→ **Work instructions**
Scan the data below and work out how many of its lines contain the word "Gold". Give only that number.

(Records from a data collection)
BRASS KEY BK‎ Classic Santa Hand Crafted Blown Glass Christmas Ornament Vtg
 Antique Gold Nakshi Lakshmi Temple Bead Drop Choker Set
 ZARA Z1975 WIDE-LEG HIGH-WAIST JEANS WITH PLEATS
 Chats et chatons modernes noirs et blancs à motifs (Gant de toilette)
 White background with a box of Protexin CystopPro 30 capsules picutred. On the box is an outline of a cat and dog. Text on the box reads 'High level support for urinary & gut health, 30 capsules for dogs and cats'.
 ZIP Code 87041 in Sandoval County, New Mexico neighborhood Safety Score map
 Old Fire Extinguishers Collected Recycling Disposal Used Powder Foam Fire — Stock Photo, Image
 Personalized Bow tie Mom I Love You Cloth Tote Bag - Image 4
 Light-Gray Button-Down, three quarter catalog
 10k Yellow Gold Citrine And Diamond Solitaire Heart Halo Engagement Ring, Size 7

→ **Written response**
2